I opted to paint similar flowers at a more accurate scale by the resting sheep. That area originally had italicized text in a similar color scheme that read “Good Luck!”
In each of the calendars I’ve chosen one element to outline, and here I opted to keep the fence relatively flat and cartoon-like. I added more subtle detail in the grass by using brown to indicate the (now treadworn) path through the broken fence.
For the new year I’ve finished a small set of art I started originally back in 2009. Each of these started off as a giveaway calendar from a Chinese restaurant. I’ve been collecting these and “repainting” them by painting over everything except the main image. I attempted to match both the colors and the painting style of the printed art as best I could to preserve the original look as much as possible.
Based on the animal (or fish) on each one, I chose a related Chinese folktale or mythology to illustrate. I also chose one element to outline to make it stand out. I watched a lot of cartoons growing up and always found the juxtaposition of a painted background with a flat, outlined animation cel set a particular tone about what merited attention.
Here they are in the window display at Kaleid Gallery, from left to right:
The Dragon God
Dragons are symbols of power, strength, and good luck, and have particular control over water.
The Monkey’s Loss
The monkeys abandoned peaches for corn, and then watermelons, and then lost it all in pursuit of a rabbit.
The Farmer’s Fence
The farmer, mourning the loss of a sheep after the fence broke, fails to mend it and later loses more.
The Rabbit In the Moon
The rabbit is a companion of the moon goddess Chang’e, and uses a mortar and pestle to pound the elixir of life.
Ye Xian (the “Chinese Cinderella”)
Ye Xian, a peasant girl, befriends a magical carp who helps her win the hand of the prince.
The Rooster’s Crown
After a skilled archer shot the eight suns, the ninth hid away until the rooster could coax it out.
These frames reminded me of the soot around a fireplace so I created these three illustrations of shadow puppets. I mostly picked these animals because I thought the hand shapes were interesting. Now that I see them together, I realized they’re all animals in the American wilderness. I imagine them as part of a tale told at a remote cabin in the woods.
I created a few new illustrations for the upcoming Psycho Donuts Evol | Love show & sale. It’s a love (or not) theme, and since I felt like drawing animals, I thought I’d focus on animals that can be a bit misunderstood but are lovely pets.
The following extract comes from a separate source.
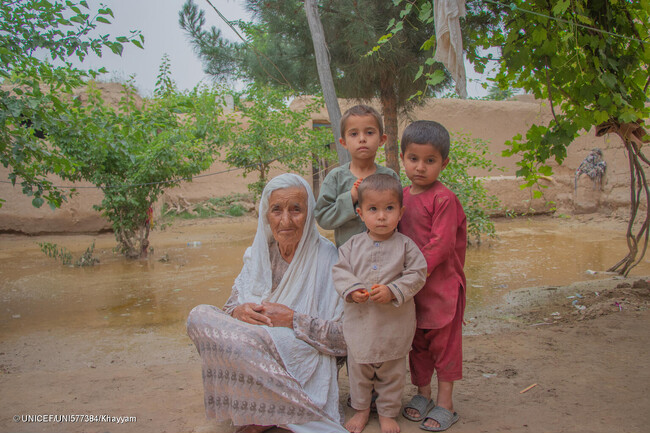 バグラーン州の村で被災した家族。洪水により子どもたちは怪我を負い、飼っていた羊はすべて流されてしまった。(アフガニスタン、2024年5月16日撮影) (C) UNICEF_UNI577384_Khayyam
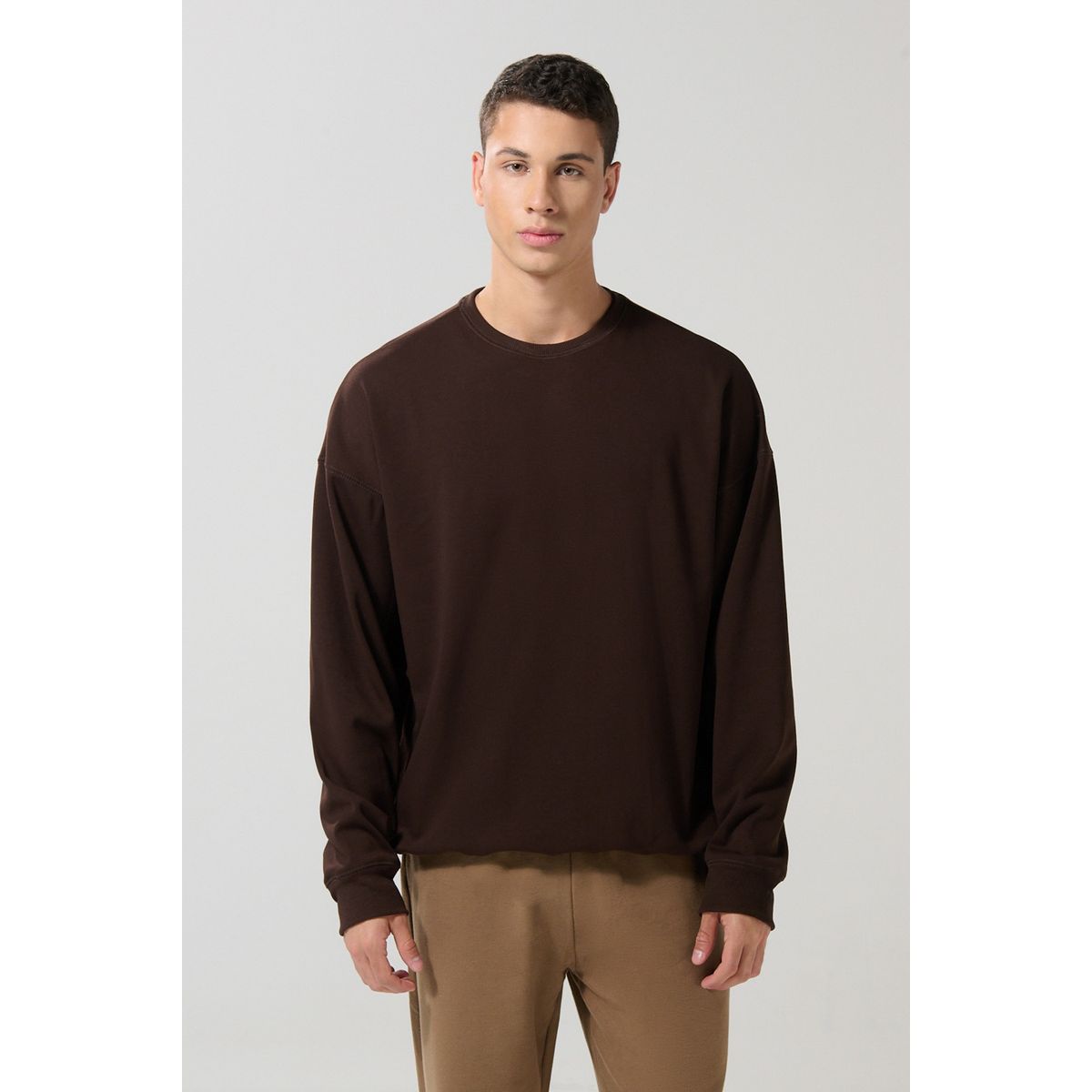KOAJ - KOAJ Buzo oversize perchado café oscuro con cuello redondo Hombre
I’ve had a few rats as pets and they can be quite sweet. When I was drawing this I also thought of the Church Mice series from Graham Oakley, a children’s book series I always loved for its detailed crowd scenes of dozens of happy, confused, curious, afraid, and feuding mice in the middle of some conundrum (together with the sole cat willing to be around them).
I’ve never had a chameleon as a pet, but if I were to get a reptile again that would be my next choice. The color-changing is interesting, but the independently-moving eyes and the five-toes-fused-into-two are endlessly fascinating. They also don’t move very fast and seem to have a gentle disposition – something I can’t say for other attempts at reptile pets. Since they’re cold-blooded I gave this guy a little blue heart.